### Prompt
Retype each line below without a single alteration.

### Excerpted data
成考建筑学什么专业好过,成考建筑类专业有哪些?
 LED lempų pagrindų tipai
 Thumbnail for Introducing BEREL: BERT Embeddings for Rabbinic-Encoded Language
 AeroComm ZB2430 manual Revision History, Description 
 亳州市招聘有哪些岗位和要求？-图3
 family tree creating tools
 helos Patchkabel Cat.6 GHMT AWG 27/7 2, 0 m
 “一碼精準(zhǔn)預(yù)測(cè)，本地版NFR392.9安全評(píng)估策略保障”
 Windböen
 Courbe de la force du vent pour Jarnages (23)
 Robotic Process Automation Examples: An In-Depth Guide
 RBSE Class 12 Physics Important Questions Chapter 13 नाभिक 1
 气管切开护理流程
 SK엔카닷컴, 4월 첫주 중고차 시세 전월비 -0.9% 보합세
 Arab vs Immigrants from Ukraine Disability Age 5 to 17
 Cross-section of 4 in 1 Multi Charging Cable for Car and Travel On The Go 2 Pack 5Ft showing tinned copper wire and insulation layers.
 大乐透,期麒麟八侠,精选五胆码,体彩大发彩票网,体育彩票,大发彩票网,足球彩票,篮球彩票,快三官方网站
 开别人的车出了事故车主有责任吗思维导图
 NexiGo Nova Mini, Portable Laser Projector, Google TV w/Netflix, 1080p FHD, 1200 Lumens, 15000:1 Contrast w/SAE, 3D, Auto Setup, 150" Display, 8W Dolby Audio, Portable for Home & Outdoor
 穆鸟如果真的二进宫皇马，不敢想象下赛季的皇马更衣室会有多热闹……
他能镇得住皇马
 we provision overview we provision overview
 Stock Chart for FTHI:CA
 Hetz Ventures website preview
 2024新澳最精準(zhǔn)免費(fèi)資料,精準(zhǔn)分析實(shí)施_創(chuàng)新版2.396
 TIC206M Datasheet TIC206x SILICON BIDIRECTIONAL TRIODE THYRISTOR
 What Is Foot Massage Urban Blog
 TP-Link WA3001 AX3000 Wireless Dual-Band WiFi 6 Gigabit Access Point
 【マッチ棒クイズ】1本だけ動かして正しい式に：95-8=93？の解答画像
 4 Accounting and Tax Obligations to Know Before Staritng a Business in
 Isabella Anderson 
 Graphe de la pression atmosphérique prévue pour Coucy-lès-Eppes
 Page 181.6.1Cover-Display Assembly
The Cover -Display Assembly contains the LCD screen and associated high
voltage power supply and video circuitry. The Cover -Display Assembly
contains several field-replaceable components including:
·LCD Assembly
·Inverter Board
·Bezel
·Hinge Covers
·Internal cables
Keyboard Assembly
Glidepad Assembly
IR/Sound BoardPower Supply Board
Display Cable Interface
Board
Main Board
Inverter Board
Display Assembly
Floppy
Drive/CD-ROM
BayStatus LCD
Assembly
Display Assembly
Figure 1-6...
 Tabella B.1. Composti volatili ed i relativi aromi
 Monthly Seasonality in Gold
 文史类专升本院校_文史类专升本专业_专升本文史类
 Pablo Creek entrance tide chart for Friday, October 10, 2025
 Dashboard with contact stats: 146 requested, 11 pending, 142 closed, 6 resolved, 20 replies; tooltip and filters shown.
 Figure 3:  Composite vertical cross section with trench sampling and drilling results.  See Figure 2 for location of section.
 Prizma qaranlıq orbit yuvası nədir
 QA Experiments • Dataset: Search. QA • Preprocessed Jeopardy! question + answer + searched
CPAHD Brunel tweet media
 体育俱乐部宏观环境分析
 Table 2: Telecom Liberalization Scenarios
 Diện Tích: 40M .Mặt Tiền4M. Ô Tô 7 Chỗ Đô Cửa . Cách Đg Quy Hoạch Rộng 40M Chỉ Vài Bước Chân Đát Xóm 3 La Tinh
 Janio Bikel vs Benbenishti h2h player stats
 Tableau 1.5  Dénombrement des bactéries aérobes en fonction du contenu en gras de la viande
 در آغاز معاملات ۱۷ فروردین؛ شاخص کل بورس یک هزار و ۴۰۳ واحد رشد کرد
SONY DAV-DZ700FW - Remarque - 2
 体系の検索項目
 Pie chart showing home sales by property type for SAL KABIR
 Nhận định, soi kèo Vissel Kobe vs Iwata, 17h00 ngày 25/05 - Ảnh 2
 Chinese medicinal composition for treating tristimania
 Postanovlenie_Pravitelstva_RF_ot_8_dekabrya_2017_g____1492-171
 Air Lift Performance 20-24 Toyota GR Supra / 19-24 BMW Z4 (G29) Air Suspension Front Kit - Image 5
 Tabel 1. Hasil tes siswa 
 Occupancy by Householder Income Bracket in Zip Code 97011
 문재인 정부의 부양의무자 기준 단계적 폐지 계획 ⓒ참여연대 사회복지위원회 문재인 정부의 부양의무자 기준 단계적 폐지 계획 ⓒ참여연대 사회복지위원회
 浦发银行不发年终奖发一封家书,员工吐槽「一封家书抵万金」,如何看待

### Output of the exercise
成考建筑学什么专业好过,成考建筑类专业有哪些?
 LED lempų pagrindų tipai
 Thumbnail for Introducing BEREL: BERT Embeddings for Rabbinic-Encoded Language
 AeroComm ZB2430 manual Revision History, Description 
 亳州市招聘有哪些岗位和要求？-图3
 family tree creating tools
 helos Patchkabel Cat.6 GHMT AWG 27/7 2, 0 m
 “一碼精準(zhǔn)預(yù)測(cè)，本地版NFR392.9安全評(píng)估策略保障”
 Windböen
 Courbe de la force du vent pour Jarnages (23)
 Robotic Process Automation Examples: An In-Depth Guide
 RBSE Class 12 Physics Important Questions Chapter 13 नाभिक 1
 气管切开护理流程
 SK엔카닷컴, 4월 첫주 중고차 시세 전월비 -0.9% 보합세
 Arab vs Immigrants from Ukraine Disability Age 5 to 17
 Cross-section of 4 in 1 Multi Charging Cable for Car and Travel On The Go 2 Pack 5Ft showing tinned copper wire and insulation layers.
 大乐透,期麒麟八侠,精选五胆码,体彩大发彩票网,体育彩票,大发彩票网,足球彩票,篮球彩票,快三官方网站
 开别人的车出了事故车主有责任吗思维导图
 NexiGo Nova Mini, Portable Laser Projector, Google TV w/Netflix, 1080p FHD, 1200 Lumens, 15000:1 Contrast w/SAE, 3D, Auto Setup, 150" Display, 8W Dolby Audio, Portable for Home & Outdoor
 穆鸟如果真的二进宫皇马，不敢想象下赛季的皇马更衣室会有多热闹……
他能镇得住皇马
 we provision overview we provision overview
 Stock Chart for FTHI:CA
 Hetz Ventures website preview
 2024新澳最精準(zhǔn)免費(fèi)資料,精準(zhǔn)分析實(shí)施_創(chuàng)新版2.396
 TIC206M Datasheet TIC206x SILICON BIDIRECTIONAL TRIODE THYRISTOR
 What Is Foot Massage Urban Blog
 TP-Link WA3001 AX3000 Wireless Dual-Band WiFi 6 Gigabit Access Point
 【マッチ棒クイズ】1本だけ動かして正しい式に：95-8=93？の解答画像
 4 Accounting and Tax Obligations to Know Before Staritng a Business in
 Isabella Anderson 
 Graphe de la pression atmosphérique prévue pour Coucy-lès-Eppes
 Page 181.6.1Cover-Display Assembly
The Cover -Display Assembly contains the LCD screen and associated high
voltage power supply and video circuitry. The Cover -Display Assembly
contains several field-replaceable components including:
·LCD Assembly
·Inverter Board
·Bezel
·Hinge Covers
·Internal cables
Keyboard Assembly
Glidepad Assembly
IR/Sound BoardPower Supply Board
Display Cable Interface
Board
Main Board
Inverter Board
Display Assembly
Floppy
Drive/CD-ROM
BayStatus LCD
Assembly
Display Assembly
Figure 1-6...
 Tabella B.1. Composti volatili ed i relativi aromi
 Monthly Seasonality in Gold
 文史类专升本院校_文史类专升本专业_专升本文史类
 Pablo Creek entrance tide chart for Friday, October 10, 2025
 Dashboard with contact stats: 146 requested, 11 pending, 142 closed, 6 resolved, 20 replies; tooltip and filters shown.
 Figure 3:  Composite vertical cross section with trench sampling and drilling results.  See Figure 2 for location of section.
 Prizma qaranlıq orbit yuvası nədir
 QA Experiments • Dataset: Search. QA • Preprocessed Jeopardy! question + answer + searched
CPAHD Brunel tweet media
 体育俱乐部宏观环境分析
 Table 2: Telecom Liberalization Scenarios
 Diện Tích: 40M .Mặt Tiền4M. Ô Tô 7 Chỗ Đô Cửa . Cách Đg Quy Hoạch Rộng 40M Chỉ Vài Bước Chân Đát Xóm 3 La Tinh
 Janio Bikel vs Benbenishti h2h player stats
 Tableau 1.5  Dénombrement des bactéries aérobes en fonction du contenu en gras de la viande
 در آغاز معاملات ۱۷ فروردین؛ شاخص کل بورس یک هزار و ۴۰۳ واحد رشد کرد
SONY DAV-DZ700FW - Remarque - 2
 体系の検索項目
 Pie chart showing home sales by property type for SAL KABIR
 Nhận định, soi kèo Vissel Kobe vs Iwata, 17h00 ngày 25/05 - Ảnh 2
 Chinese medicinal composition for treating tristimania
 Postanovlenie_Pravitelstva_RF_ot_8_dekabrya_2017_g____1492-171
 Air Lift Performance 20-24 Toyota GR Supra / 19-24 BMW Z4 (G29) Air Suspension Front Kit - Image 5
 Tabel 1. Hasil tes siswa 
 Occupancy by Householder Income Bracket in Zip Code 97011
 문재인 정부의 부양의무자 기준 단계적 폐지 계획 ⓒ참여연대 사회복지위원회 문재인 정부의 부양의무자 기준 단계적 폐지 계획 ⓒ참여연대 사회복지위원회
 浦发银行不发年终奖发一封家书,员工吐槽「一封家书抵万金」,如何看待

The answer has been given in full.